## Your assignment
Everything from the line containing "Symptoms and signs" through the last line of the data below is to be retyped exactly, apart from the pictures.

## Information shown
=== Begin Enclosure ===

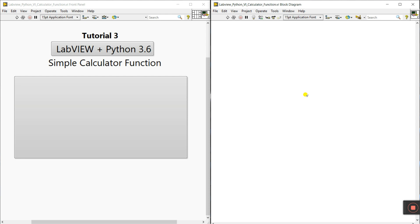Hello friends, my name is Fridhi Kumal. Let's start a new tutorial about how we can create a symbol calculator function.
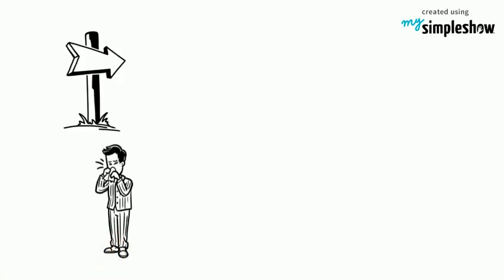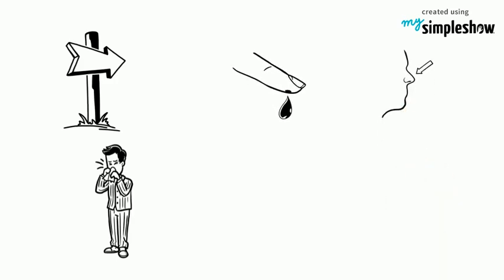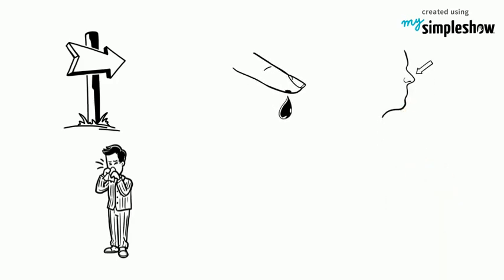Symptoms and signs of DNS. Most common symptoms of DNS is nasal obstruction. Others are congestion in the nose, bleeding from the nose, recurrent sinus infection, and headache.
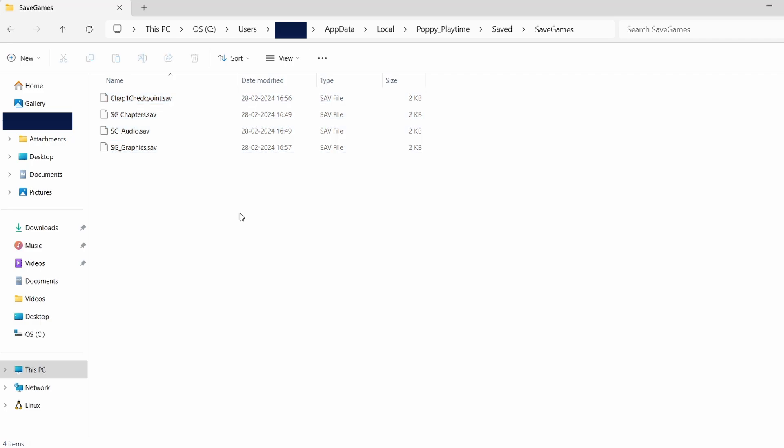The actual save files may look like random characters and numbers, but those represent your game saves. That's it for this video. I hope you found it helpful. Bye-bye.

=== End Enclosure ===

## Answer to this problem
Symptoms and signs of DNS. Most common symptoms of DNS is nasal obstruction. Others are congestion in the nose, bleeding from the nose, recurrent sinus infection, and headache.
The actual save files may look like random characters and numbers, but those represent your game saves. That's it for this video. I hope you found it helpful. Bye-bye.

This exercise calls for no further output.